WHAT TO DO:
Output the data below exactly, images excluded.

AVAILABLE DATA:
○ ○ ○ ○ ○

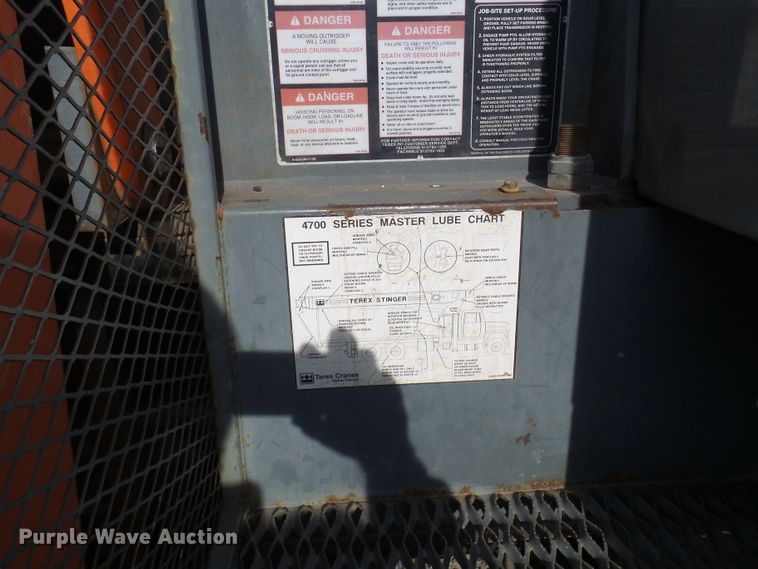 image for item DC2871 2003 Sterling L9500  crane truck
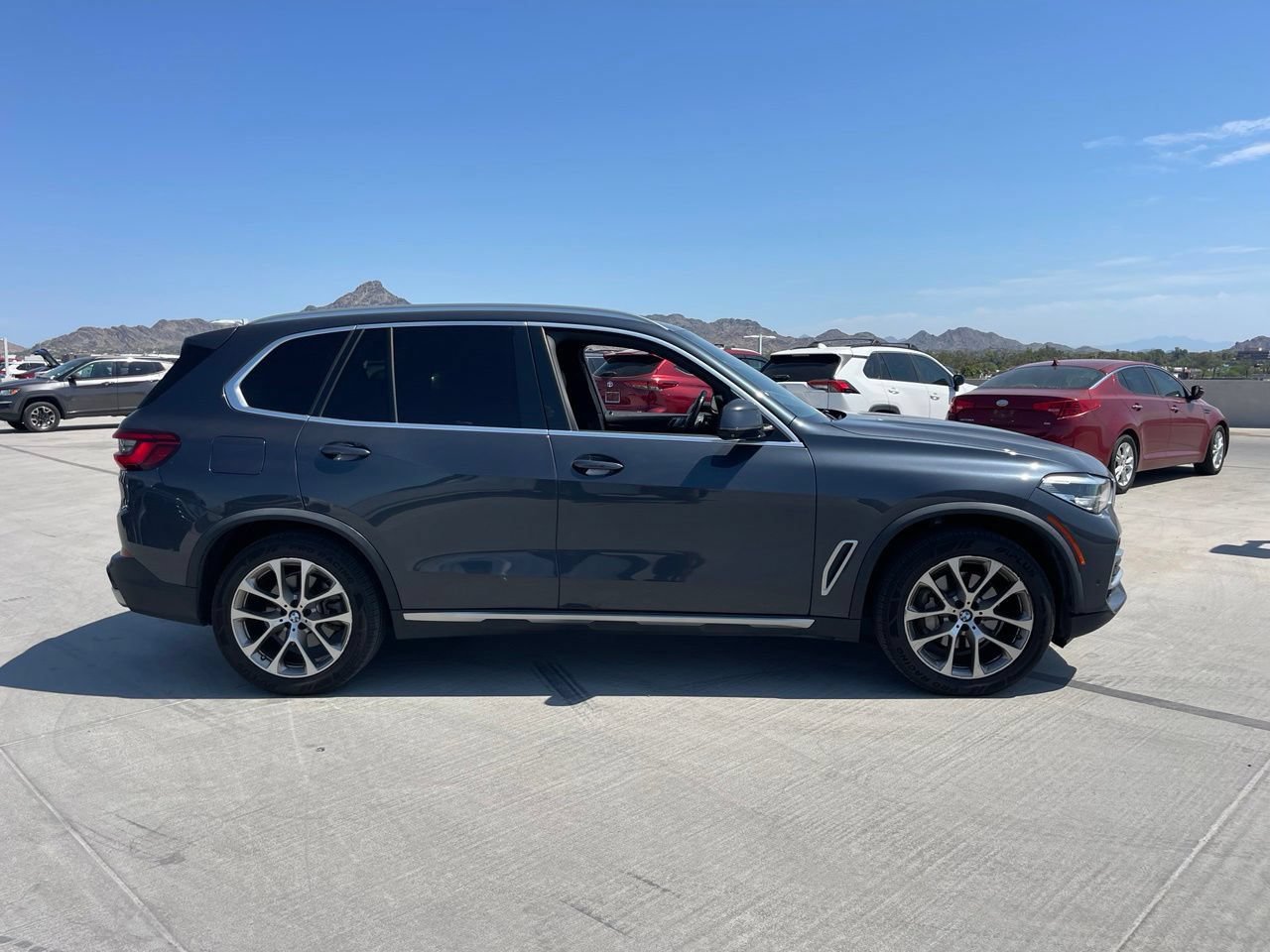 Used 2019 BMW X5 xDrive40i w/ Premium Package 2 AWD/4WD image 3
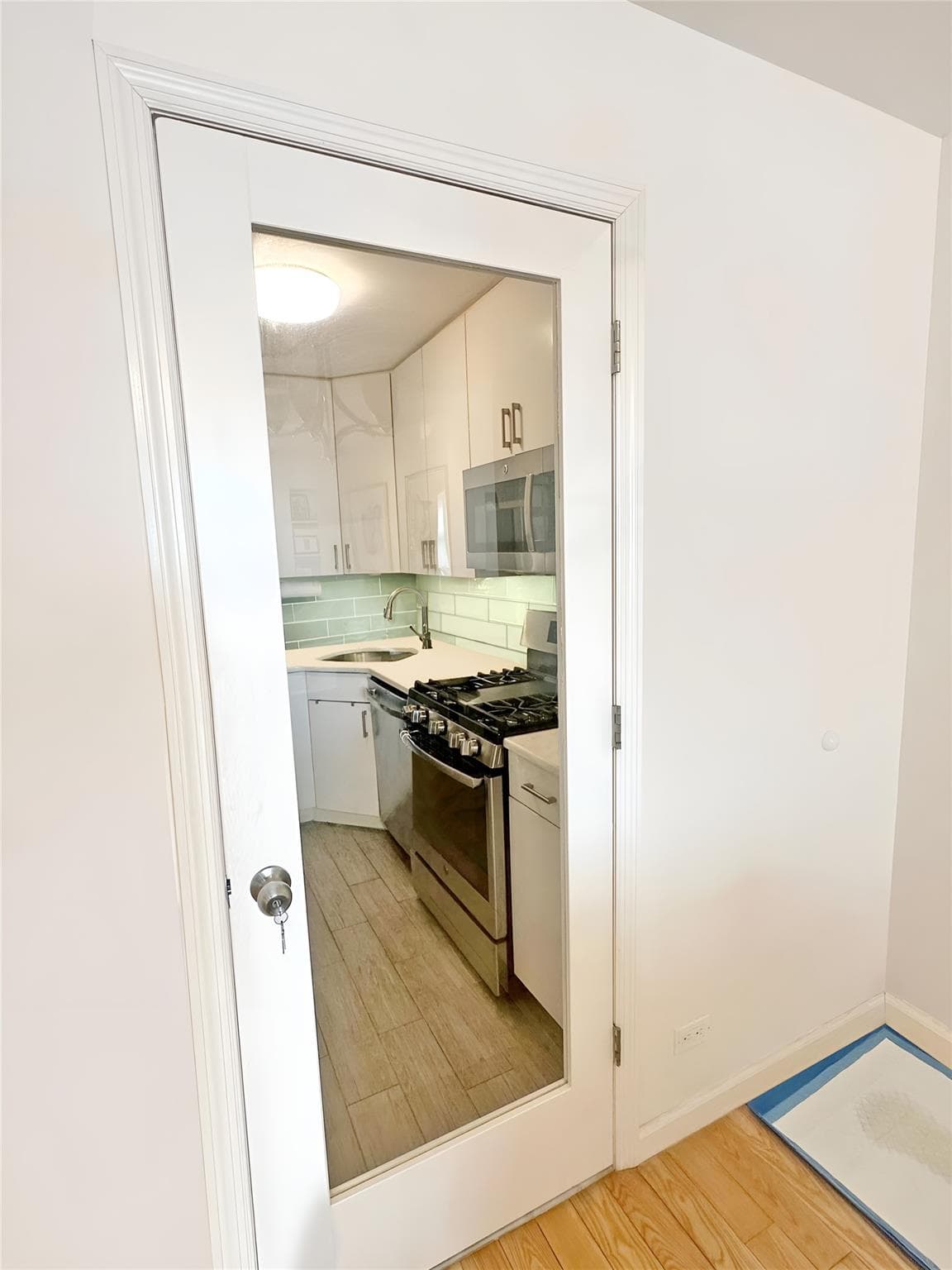61-20 Grand Central Parkway Unit: A608 thumbnail 6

○ ○ ○ ○ ○

SOLUTION TO THIS PROBLEM:
 image for item DC2871 2003 Sterling L9500  crane truck
 Used 2019 BMW X5 xDrive40i w/ Premium Package 2 AWD/4WD image 3
61-20 Grand Central Parkway Unit: A608 thumbnail 6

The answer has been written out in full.